Page MenuHomePhabricator

Add a link engineering: Recommendation version
Closed, ResolvedPublic

Description

Details of the link recommendations relevant to cross-component communication (e.g. how exactly instance_ocurrence is defined) are bound to change over time. Since we cache recommendation, multiple versions might exist in parallel, so we should include some kind of version number. This would have to be outputted by the service, stored in the cache table, and passed on by the MediaWiki API so the frontend can have split processing logic for different versions.

Event Timeline

Not really sure if we want this for initial release - could be left for whenever we want to change the format.

I think this is a good idea, but it's a probably a decent amount of work so I propose we revisit if/when the format changes.

The URL for retrieving recommendations now indicates v0 i.e. it's unstable. If we decide to make major changes or declare that it's stable, we can switch to v1 and then do the additional work for storing the version number in the cache table.

The URL for retrieving recommendations now indicates v0 i.e. it's unstable. If we decide to make major changes or declare that it's stable, we can switch to v1 and then do the additional work for storing the version number in the cache table.

We are now on v1 since we're serving the API via API-Portal.

Another use case is to know which datasets were used for generating the dataset. For example, https://gerrit.wikimedia.org/r/c/research/mwaddlink/+/675172 was just merged which filters out links for things like years, list pages, disambiguation pages, etc from the anchors dictionary dataset. Suppose we have an article that we cached link recommendations for before this change was deployed; it would be useful to be able to know the dataset hash that was used for the recommendation.

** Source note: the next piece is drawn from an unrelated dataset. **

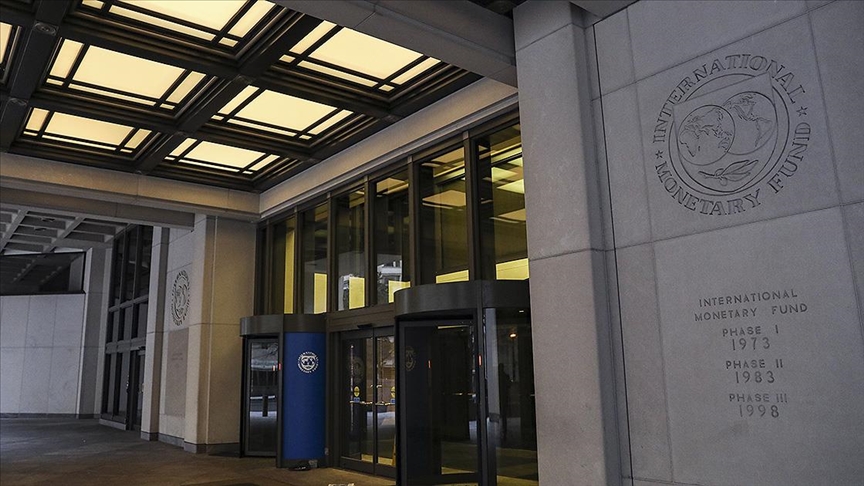 IMF'den Türkiye ekonomisine ilişkin değerlendirme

So, I think we want to know:

  1. recommendation format version where that probably doesn't change often but would include things like whether instance_occurrence calculation is defined differently, or if we switched from using wikitext to HTML as the source data
  2. the hash and date (since we don't archive old datasets) corresponding to the dataset used to generate the recommendations. We could probably use the link_model.json.checksum for this.

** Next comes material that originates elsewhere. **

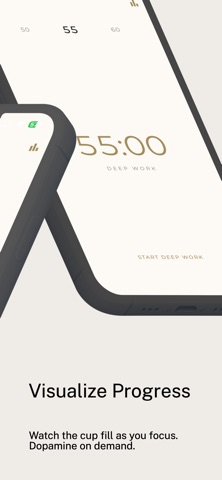 PomoJava - Deep Work Timer screenshot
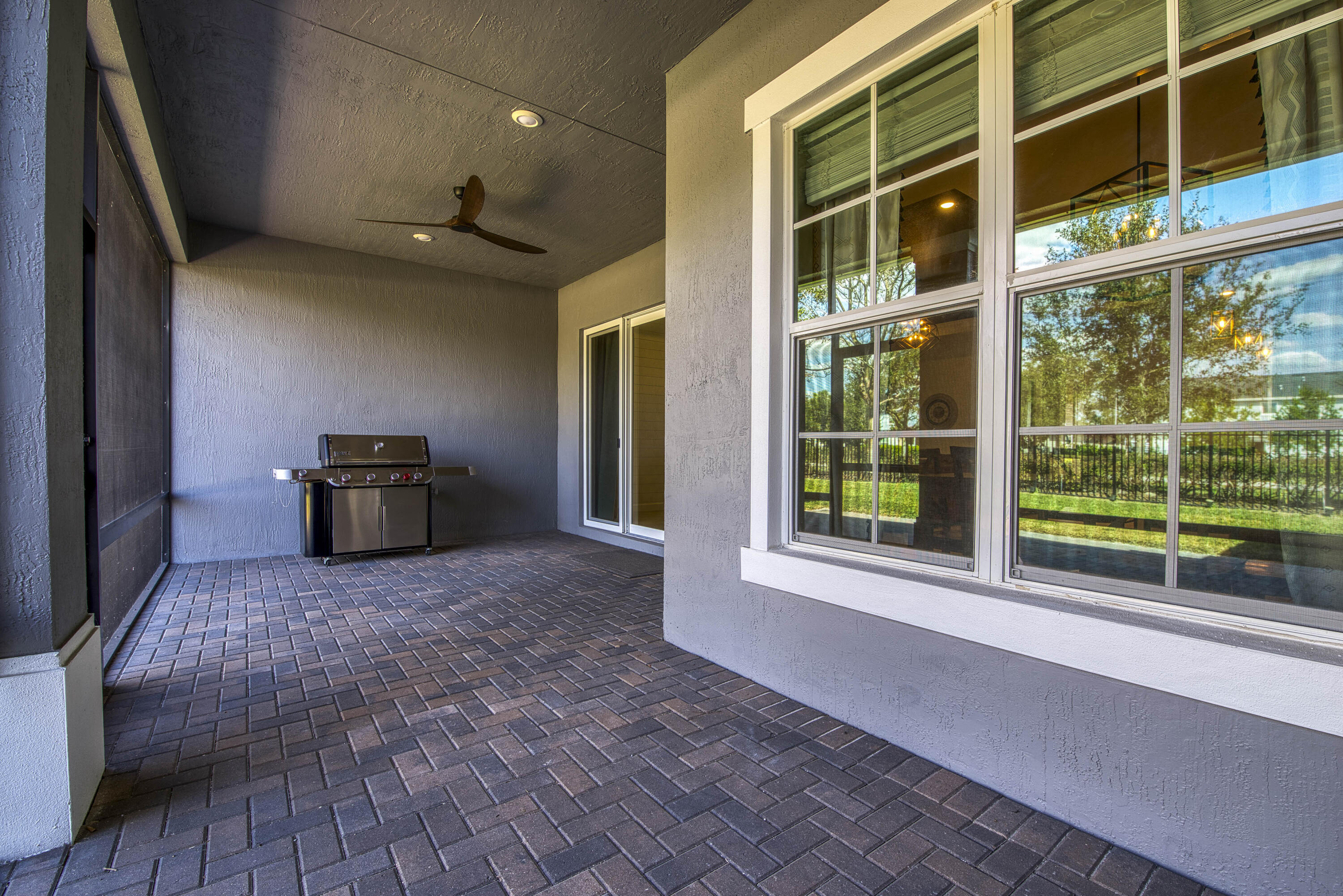 Arden - Residential Lease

The URL for retrieving recommendations now indicates v0 i.e. it's unstable. If we decide to make major changes or declare that it's stable, we can switch to v1 and then do the additional work for storing the version number in the cache table.

We are now on v1 since we're serving the API via API-Portal.

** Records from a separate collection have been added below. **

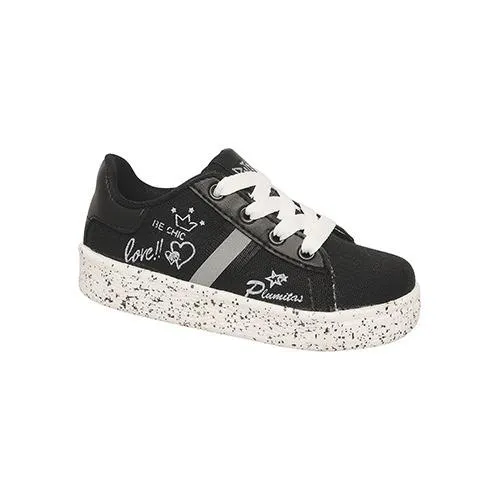 Zapatilla Galeata (34 al 38)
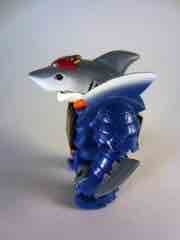 Takara-Tomy Beast Saga Kingdom of Sea Death Action Figure Set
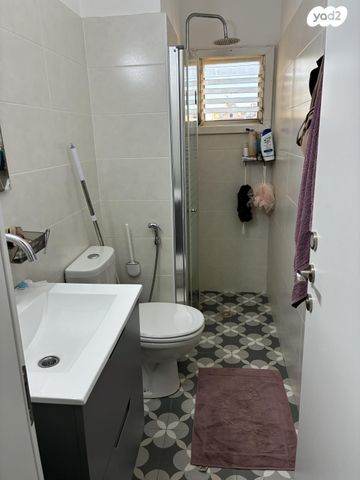 דירה, תל חי 37, מרכז, כפר סבא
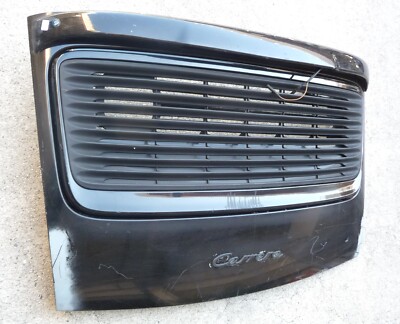 1995-1998 Porsche 911 993 Rear Trunk Deck Lid Hood 99351233302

Another use case is to know which datasets were used for generating the dataset. For example, https://gerrit.wikimedia.org/r/c/research/mwaddlink/+/675172 was just merged which filters out links for things like years, list pages, disambiguation pages, etc from the anchors dictionary dataset. Suppose we have an article that we cached link recommendations for before this change was deployed; it would be useful to be able to know the dataset hash that was used for the recommendation.

So, I think we want to know:

  1. recommendation format version where that probably doesn't change often but would include things like whether instance_occurrence calculation is defined differently, or if we switched from using wikitext to HTML as the source data
  2. the hash and date (since we don't archive old datasets) corresponding to the dataset used to generate the recommendations. We could probably use the link_model.json.checksum for this.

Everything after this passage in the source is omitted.